Start of Block
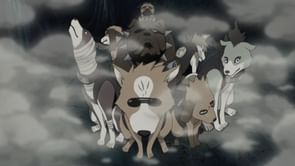 I can't unsee how Kakashi's Ninken in Naruto were accurate parallels of the Genin boys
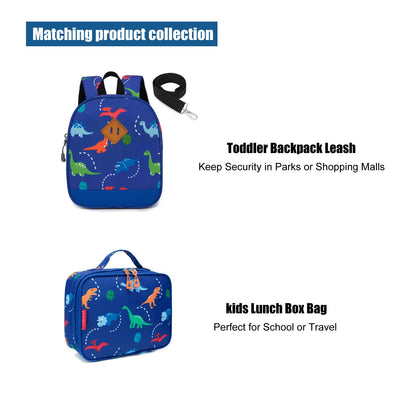 Toddler Dinosaur Backpack 15" Boys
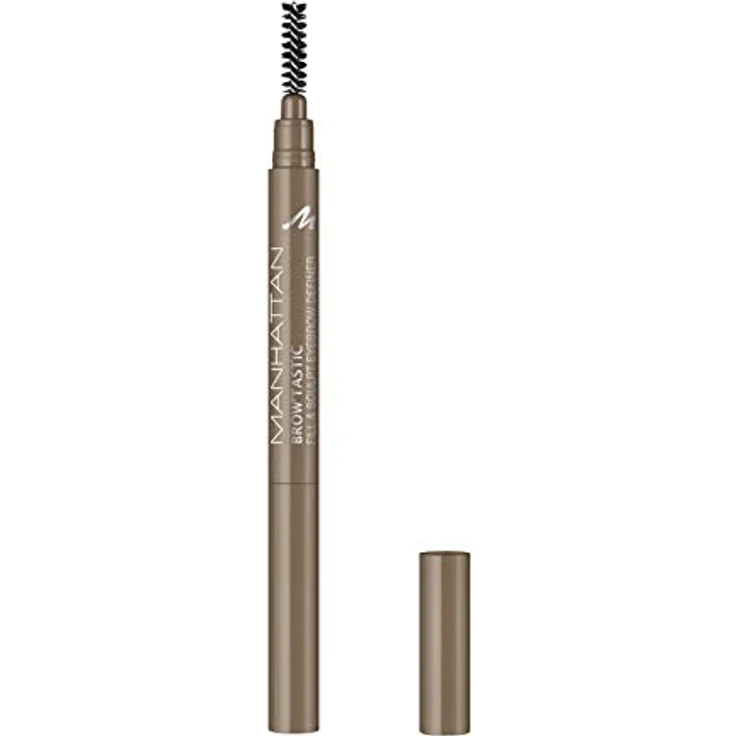 Manhattan Cosmetics Augen Make-up Brow'Tastic Fill & Sculpt Eyebrow Definer Nr. 001 Blonde Augenbrauenstift 0,25 g – Bild 4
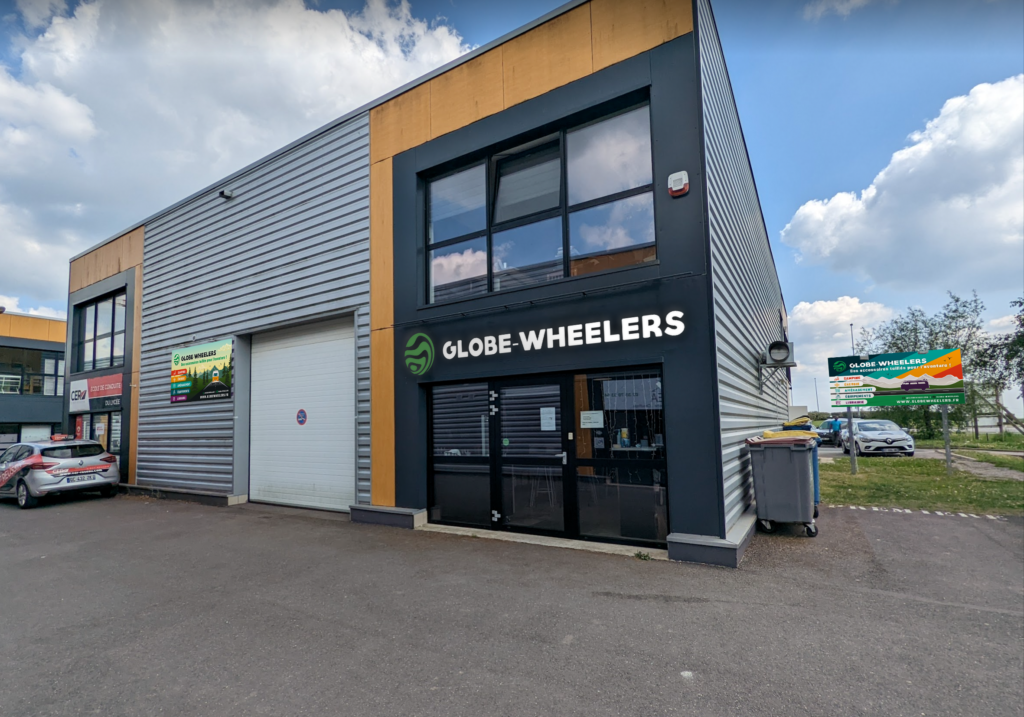 Magasin Globe-Wheelers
End of Block
• Work order: Copy each line of the material above exactly, but not the images.

• Answer to this problem:
 I can't unsee how Kakashi's Ninken in Naruto were accurate parallels of the Genin boys
 Toddler Dinosaur Backpack 15" Boys
 Manhattan Cosmetics Augen Make-up Brow'Tastic Fill & Sculpt Eyebrow Definer Nr. 001 Blonde Augenbrauenstift 0,25 g – Bild 4
 Magasin Globe-Wheelers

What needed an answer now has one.